For the first quarter of 2026, wholesale operating income increased by $4.4 million compared to the first quarter of 2025 as a result of additional operating income from retail stores converted to dealer locations combined with increased operating income at comparable wholesale sites.
For the first quarter of 2026, fuel contribution increased by $2.8 million compared to the first quarter of 2025. Fuel contribution for the first quarter of 2026 at fuel supply locations increased by $1.2 million due to incremental contribution from retail stores converted to dealer locations, which was partially offset by lower fuel contribution at comparable wholesale sites. Fuel contribution for the first quarter of 2026 at consignment agent locations increased $1.6 million due to incremental contribution from retail stores converted to dealer locations and higher fuel contribution at comparable wholesale site. Fuel margin per gallon increased, compared to the first quarter of 2025, 0.4 cents per gallon at fuel supply locations and 5.3 cents per gallon at consignment agent locations, primarily as a result of significant volatility in the fuel market due to the geopolitical environment and increased prompt pay discounts related to higher fuel costs.
For the first quarter of 2026, other revenues, net increased by $6.2 million, and site operating expenses increased by $5.2 million, in each case as compared to the first quarter of 2025, resulting primarily from retail stores converted to dealer locations.
Fleet Fueling
| For the Three Months Ended March 31, | |||||||
| 2026 | 2025 | ||||||
| (in thousands) | |||||||
| Fuel gallons sold – proprietary cardlock locations | 30,517 | 31,918 | |||||
| Fuel gallons sold – third-party cardlock locations | 3,446 | 3,175 | |||||
| Fuel contribution1– proprietary cardlock locations | $ | 15,942 | $ | 14,706 | |||
| Fuel contribution1– third-party cardlock locations | $ | 803 | $ | 596 | |||
| Fuel margin, cents per gallon2– proprietary cardlock locations | 52.2 | 46.1 | |||||
| Fuel margin, cents per gallon2– third-party cardlock locations | 23.4 | 18.7 | |||||
| 1Calculated as fuel revenue less fuel costs; excludes the fixed margin or fixed fee paid to the GPMP segment for the cost of fuel. | |||||||
| 2Calculated as fuel contribution divided by fuel gallons sold. | |||||||
Fuel contribution for the first quarter of 2026 increased by $1.4 million compared to the first quarter of 2025. At proprietary cardlocks, fuel contribution increased by $1.2 million, and fuel margin per gallon also increased for the first quarter of 2026 compared to the first quarter of 2025. At third-party cardlock locations, fuel contribution increased $0.2 million, and fuel margin per gallon also increased for the first quarter of 2026 compared to the first quarter of 2025. These increases were primarily due to favorable diesel margins as a result of significant volatility in the fuel market due to the geopolitical environment.

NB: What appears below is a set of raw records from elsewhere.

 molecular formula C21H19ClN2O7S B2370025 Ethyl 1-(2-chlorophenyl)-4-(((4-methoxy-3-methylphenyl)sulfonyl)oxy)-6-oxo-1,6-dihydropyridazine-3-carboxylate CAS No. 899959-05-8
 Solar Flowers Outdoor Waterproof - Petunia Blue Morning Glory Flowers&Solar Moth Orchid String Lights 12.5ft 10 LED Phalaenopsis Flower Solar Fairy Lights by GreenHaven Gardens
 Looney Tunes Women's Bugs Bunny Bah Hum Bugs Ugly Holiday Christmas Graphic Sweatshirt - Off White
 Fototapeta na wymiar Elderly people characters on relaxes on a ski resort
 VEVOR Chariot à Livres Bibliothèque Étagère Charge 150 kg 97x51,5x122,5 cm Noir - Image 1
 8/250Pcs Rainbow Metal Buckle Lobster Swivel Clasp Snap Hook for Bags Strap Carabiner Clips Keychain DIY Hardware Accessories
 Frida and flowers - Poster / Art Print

Liquidity and Capital Expenditures
As of March 31, 2026, the Company’s total liquidity was approximately $1.1 billion, consisting of approximately $272 million of cash and cash equivalents and approximately $794 million of availability under the Company's lines of credit. Outstanding debt was approximately $704 million, resulting in net debt of approximately $432 million. The APC IPO in February 2026 bolstered the Company's liquidity position, as the Company used the proceeds to repay $206.7 million of indebtedness. Capital expenditures were $30.9 million for the first quarter of 2026, including investments in NTI retail stores and fleet fueling locations, remodeling of new format stores, EV chargers, upgrades to fuel dispensers and other investments in stores.
Quarterly Dividend
The Company’s ability to return cash to its stockholders through its cash dividend program is consistent with its capital allocation framework and reflects the Company’s confidence in the strength of its cash generation ability and strong financial position.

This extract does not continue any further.